Mais , a partir de cette toile, nous sommes obligés d’évoquer la reconnaissance de Cherbourg et de ses habitants envers Napoléon 1er et de l’œuvre qu’il a réalisée à Cherbourg, en effet Napoléon 1er a poursuivi les travaux gigantesques commencés par ses prédécesseurs, a décrété le 25 germinal An XI la création d’un port militaire comprenant avant-port, cales de construction, bassin d’armement et ateliers correspondants.

De plus ,l’Empereur est venu en visite officielle, accompagné de l’Impératrice Marie Louise, à Cherbourg du 26 au 30 mai 1811 pour s’enquérir de l’état d’avancement des travaux.

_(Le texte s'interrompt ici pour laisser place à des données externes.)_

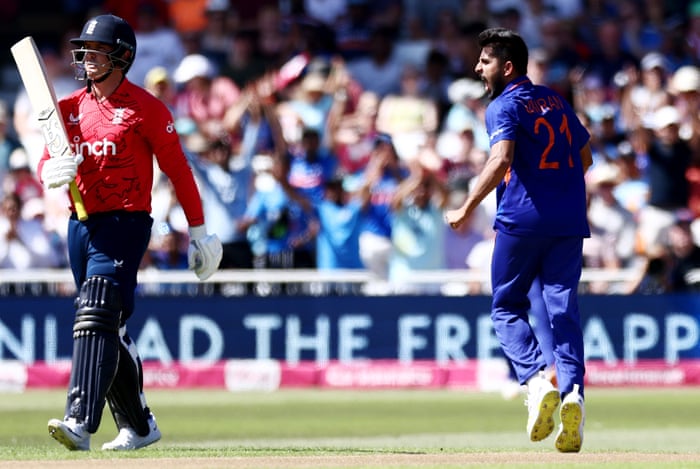 Malik of India celebrates taking the wicket of Roy.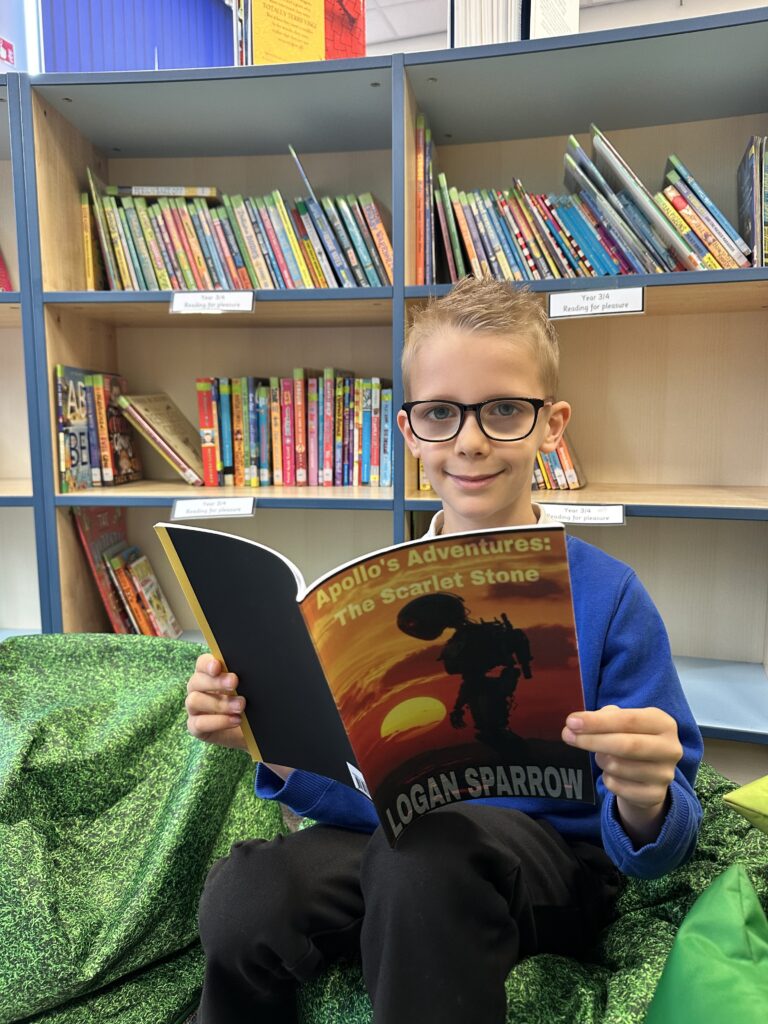 Logan, 7, has won a short-story writing competition and published his own book.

L’Impératrice est revenue présider les cérémonies de mise en eau de l’avant port Napoléon en août 1813, l’Empereur étant en campagne.

Sur cette toile , l’artiste a mis en évidence le retour des cendres de l’Empereur de Sainte-Hélène en 1840.

Il est important de se rappeler que le roi Louis-Philippe a négocié le retour des cendres auprès des Anglais et il a fait appareillé de Toulon la frégate  « La Belle Poule« ( construite à Cherbourg ) commandant le Prince de Joinville qui a transporté le cercueil de l’Empereur le Sainte-Hélène à Cherbourg, le 30 novembre le navire pénétrait dans l’avant port militaire ou les Autorités officielles cherbourgeoises avec à leur tête M ;Noêl Agnés et qui , au nom de la population, orna le catafalque d’une couronne de lauriers et de feuilles de chêne entourée d’une banderole dédicacée « A Napoléon le Grand, la ville de Cherbourg reconnaissante1 « 

Pendant le séjour à Cherbourg des milliers de gens défilèrent devant le cercueil.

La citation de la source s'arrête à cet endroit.